Problem to solve -> In the material below, find the line with "O zvířátkách pana Krbce" and the line with "Infinity 28 condominium", then output those two lines and every line between them, exactly.

Input ->
# # # # # # #

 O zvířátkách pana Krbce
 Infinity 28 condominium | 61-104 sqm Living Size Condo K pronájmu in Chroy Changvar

# # # # # # #

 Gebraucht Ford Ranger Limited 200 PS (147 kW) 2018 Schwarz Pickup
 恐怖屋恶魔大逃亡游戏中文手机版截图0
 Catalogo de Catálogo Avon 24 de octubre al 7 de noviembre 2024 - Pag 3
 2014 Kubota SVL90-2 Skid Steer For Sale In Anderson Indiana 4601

# # # # # # #

Result for this exercise ->
 O zvířátkách pana Krbce
 Infinity 28 condominium | 61-104 sqm Living Size Condo K pronájmu in Chroy Changvar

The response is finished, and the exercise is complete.